Металлообработка и гончарное дело являются важными сферами экономики, поскольку производят более дорогие или дешевые товары широкого потребления. Методы производства становятся все более профессиональными и в иных секторах позднегерманской экономики, появляются даже совершенно новые технологии. Самым заметным и важным достижением является производство стекла. До IV века все стеклянные товары, находимые на территории германской Европы, были римского производства и импортировались из империи. Однако после 300 года н. э. появился центр изготовления стекла в городе Комаров неподалеку от Карпат. Его продукция была широко распространена в Центральной и Восточной Европе (см. карту 3). Слои, в которых были обнаружены стеклянные предметы, и их непосредственное окружение указывают на то, что они принадлежали элите и свидетельствовали о высоком статусе владельцев. Вряд ли производство было массовым, однако оно, вне всякого сомнения, приносило ремесленникам немалый доход. В той же степени интересный, хотя и совершенно иной пример был найден в поселении на территории, на которой в IV веке жили готы. В Бырлад-Валя-Сяке в современной Румынии исследователям удалось обнаружить целых шестнадцать хижин, построенных для производства предмета, который почти всегда находят в могилах этого периода, – гребней, сделанных из оленьих рогов. Во многих германских племенах политическая верность тому или иному царю выражалась с помощью причесок, которые также говорили о социальном статусе человека. Самый знаменитый тому пример – так называемый свебский узел, описанный Тацитом и прекрасно сохранившийся на черепе древнего германца. В этом контексте вряд ли следует удивляться тому, что гребни были весьма ценными личными вещами. Внутри хижин были обнаружены части гребней разной степени законченности, что позволило пролить свет на процесс их изготовления. В этом случае, похоже, целое поселение занималось одним и тем же – производством основного продукта[59].

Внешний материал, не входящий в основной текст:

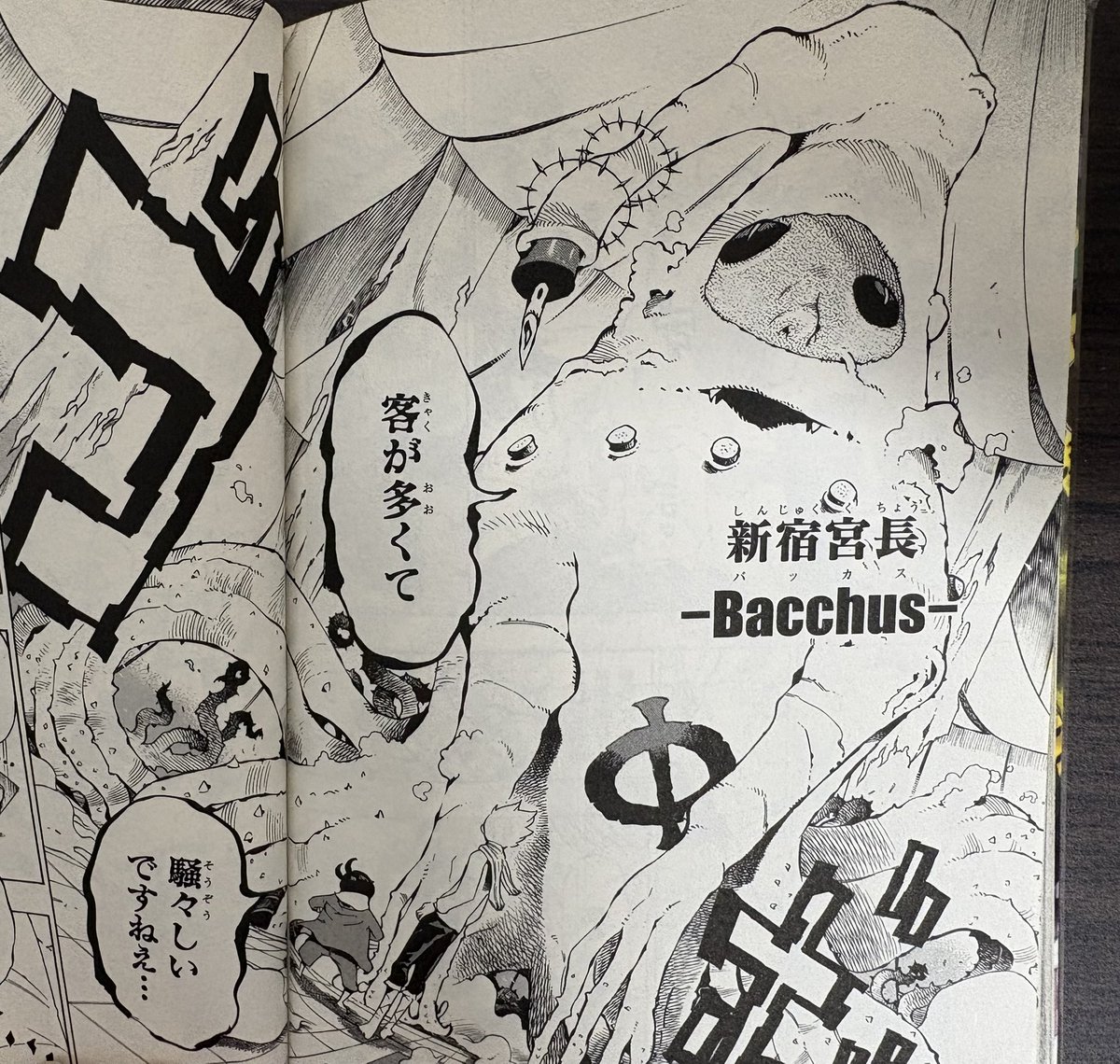 miuraiskill's tweet photo. #短命漫画
#88「HACHI 東京23宮」
作　西義之　全3巻

突如、現れた半神（ハーフ）に支配された東京23宮

同じく半神の力に目覚めた
主人公の犬神八は、半神アレスに拐われた幼馴染を救出する為、半神反抗勢力に入る

東京解放、人質救出の為、23宮の宮長達とハチ達の戦いを描いたSFバトル作品 https://t.co/A10L7ayGVx
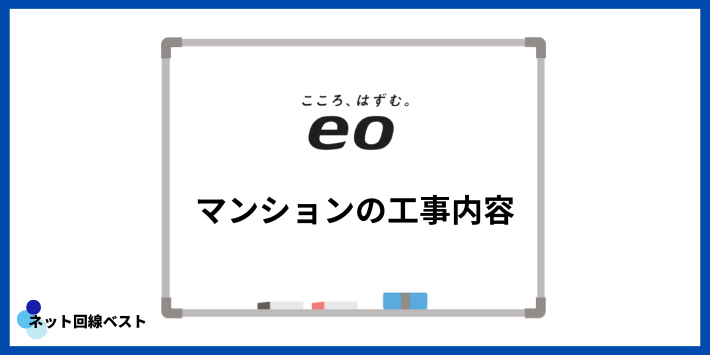 eo光マンションでの工事内容
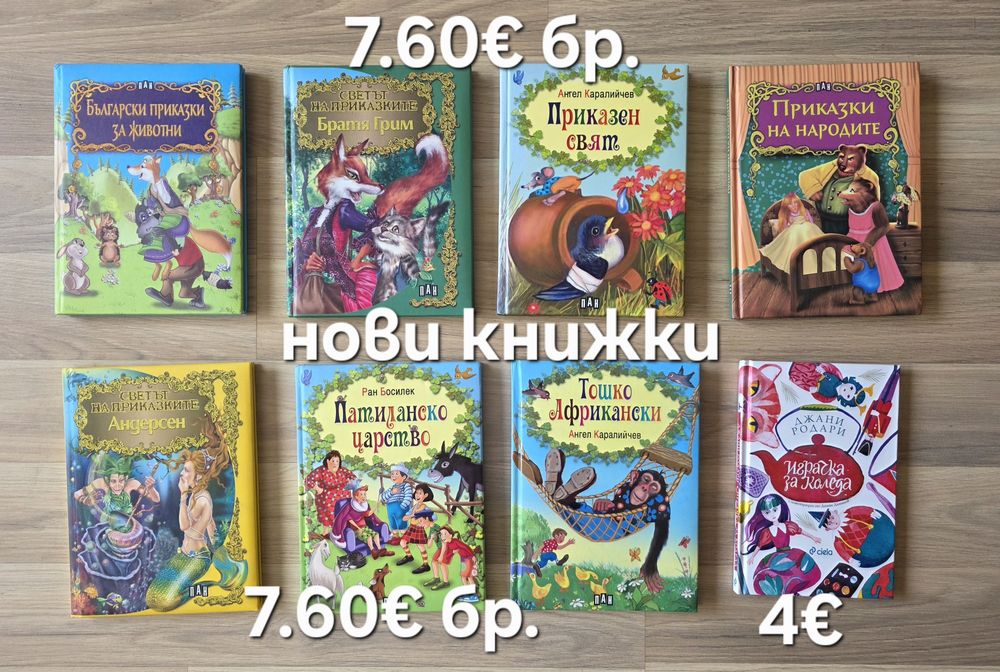 Детски книжки 20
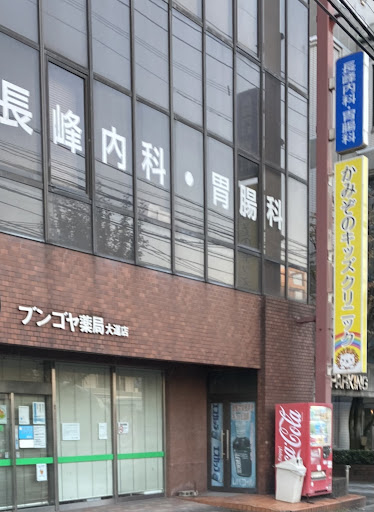 長峰内科・胃腸内科クリニック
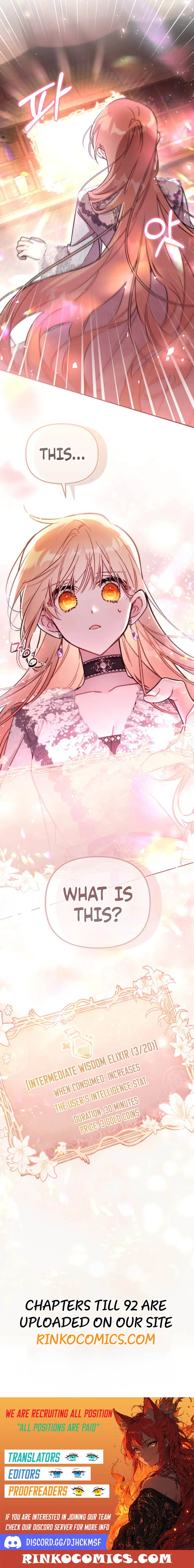 There Is No Place for Fakes Chapter 91 page 12 - 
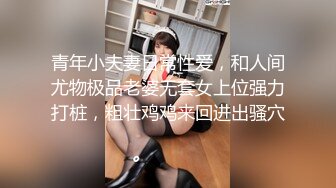 小丸子 如家酒店 JK装私拍原版 高清套图 又遇穴穴保养得很好的老机司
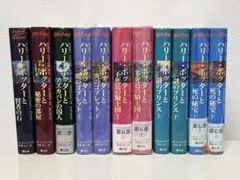 ハリー・ポッターシリーズ 全巻セット 全7巻11冊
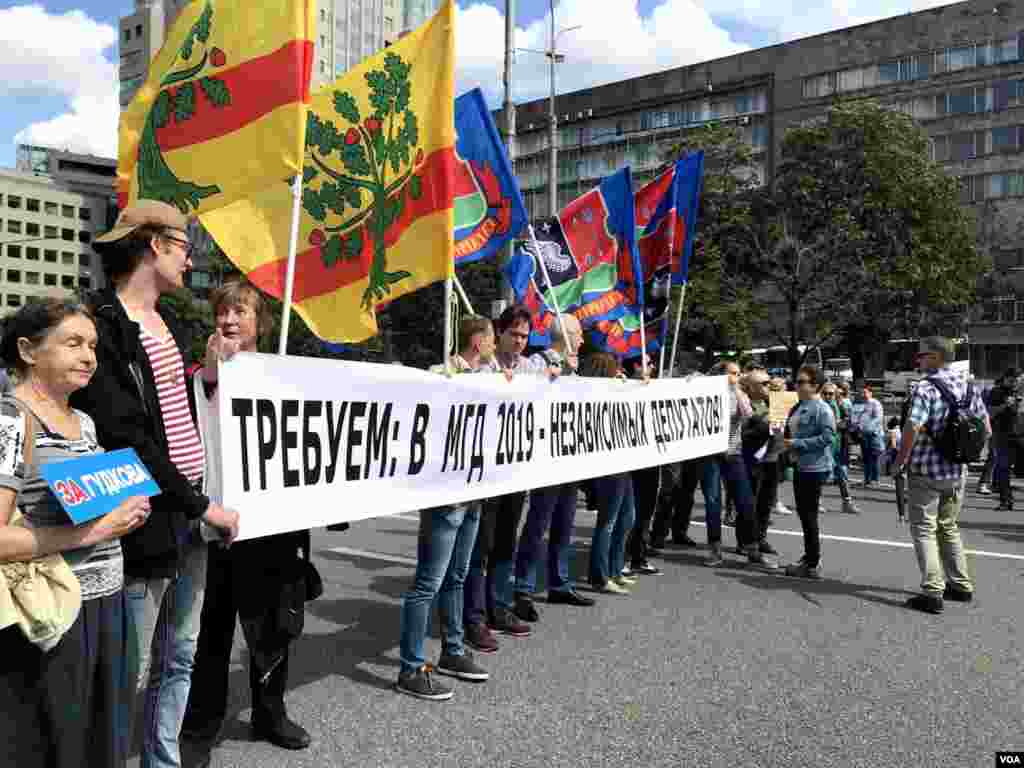 Moscow elections access rally 07 20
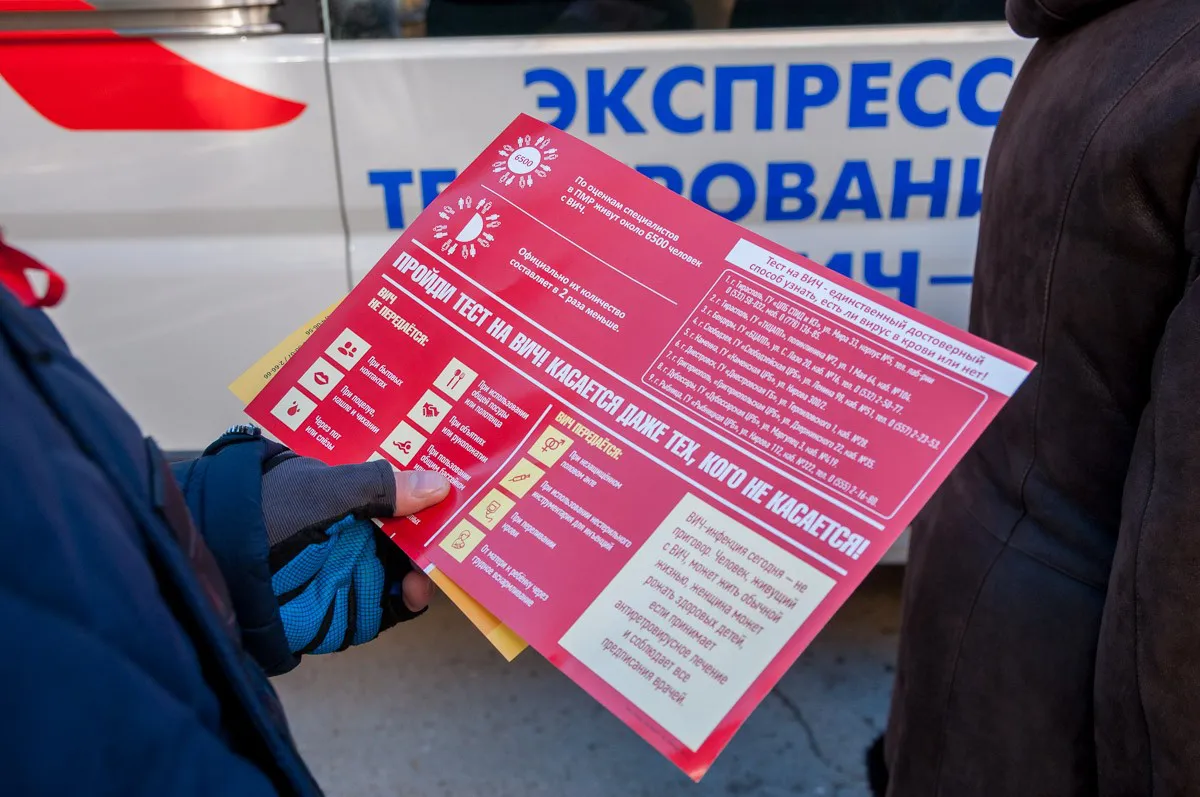 В Приднестровье зарегистрировано 2354 носителя ВИЧ-инфекции.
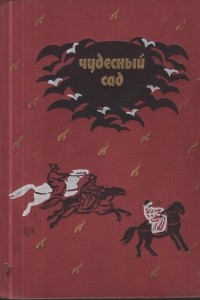 Книга Чудесный сад. Казахские народные сказки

Следовательно, не только сельское хозяйство, но и иные сферы экономики германской Европы начали процветать (в определенном смысле) к позднеримскому периоду. По всей ее территории на протяжении первых веков н. э. происходит быстрое развитие и накопление материальных благ. Как и современная глобализация, которая является как минимум столь же важным историческим явлением, процесс протекал неравномерно, новое богатство не разделялось поровну между всеми жителями Древней Германии. В результате развития экономики в германском мире появились явные победители и побежденные, и именно в этот момент военные короли и их непосредственные слуги стали играть важную роль в экономическом развитии. Многие из производимых предметов – не только еда, но и иные товары – отходили к новым военным королям и их вооруженным отрядам. Железо было необходимо для стального оружия, это очевидно, однако они получали не только его, но и различные изделия из стекла и драгоценных металлов. Все эти предметы встречались в могилах, которые, как становится ясно из тщательного анализа, принадлежали элите германского общества позднеримского периода[60]. Но насколько велик был масштаб начавшейся социальной и политической революции?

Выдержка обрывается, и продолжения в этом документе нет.